The GP felt my abdomen and couldn't feel anything amiss but sent me for an ultrasound anyway. I'll never forget the sonographer asking me if I had been sent by a specialist. I replied no, but immediately realised the implication of her choice of words. "Have you made another appointment with your doctor? Don't leave it too long."
Being the impatient patient that I am, I googled every single term in the ultrasound report. I remember websites explaining the phrase "complex ovarian neoplasm" and letting my mind run away with what that might entail.
I took the ultrasound back to my GP who rang a specialist straight away and made me an appointment for the following day.
She gave me the doctor's name and address, but it wasn't until I was in his waiting room and saw the sign saying "Gynaecologocal Oncologist" that I actually realised this was pretty serious.
He ordered a CT scan and blood test and booked me in for surgery within the week.
Suddenly those things I had ignored didn't seem so harmless
The CT scan showed an impressively large mass in my ovary that was squashing my bladder and uterus. I was astounded to see that the large round thing that looked like a major organ was actually not supposed to be there at all.

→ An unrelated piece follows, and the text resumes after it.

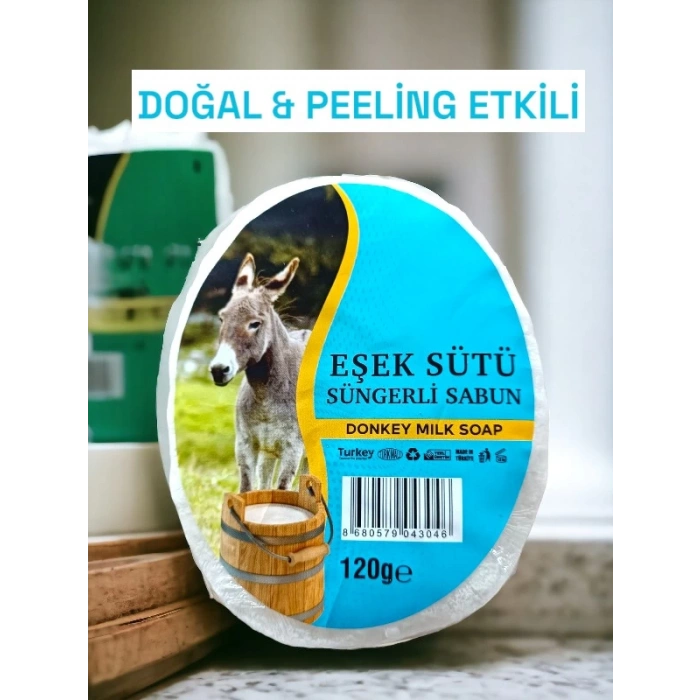 Süngerli Doğal Sabun Eşek Sütlü 120 Gr 1 adet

Suddenly, I could identify a number of symptoms that had slowly worsened over time, that I had ignored.
Yes, I had always had painful menstrual cramps, but lately I had had to lie on the floor at work for relief. I just thought it was part of being a woman.
Yes, I had actually been going to the toilet more often. Up to 15 times a day, now that I thought about it.
Yes, my pants had gotten awfully tight, but I thought that was merely a reflection of my love of good food and beer. I had lower back pain on and off my whole adult life, so I dismissed the recent bout as a result of working on my feet all day.
The surgeon didn't want to do a biopsy for risk of spilling any potentially cancerous cells into the rest of my body. So I wouldn't know until after the surgery whether it was cancerous or not.
Waiting for the surgery was the scariest week of my life. I was two weeks away from beginning the Honours year of my degree and suddenly I was wondering if my future would be drastically different to how I'd imagined. Would I still be able to have children?
The laparoscopic surgery went incredibly well and the surgeon casually mentioned that he cut out some endometriosis that he had come across while he was in there.
I now have totally pain free periods which I find incredible after enduring them for 15 years.
I had to wait another week after the surgery for the histology report to determine whether the tumour was benign or more sinister. The results revealed that the tumour was mostly benign, and that I wouldn't need chemotherapy. It contained some borderline cancerous cells as well as neural tissue, glandular tissue and cartilage, among other types of tissue.
I remember having learned about teratomas in high school and thinking that these "monstrous tumours" (the Greek translation of the name) were both fascinating and terrifying. They have been known to contain all sorts of tissue including hair, teeth, and even fully formed organs such as ears.
Apparently, teratomas are present from birth and grow slowly throughout life until they show up on a scan, or painfully rupture.
I was very lucky to have discovered it, and am now much more vigilant about going to the doctor when something doesn't feel quite right. I have a beautiful 10-month-old son, and consider myself incredibly privileged to be a mother. My thoughts are often with the other ladies I met in the surgeon's waiting room who have lost their fertility, or in some cases, their lives.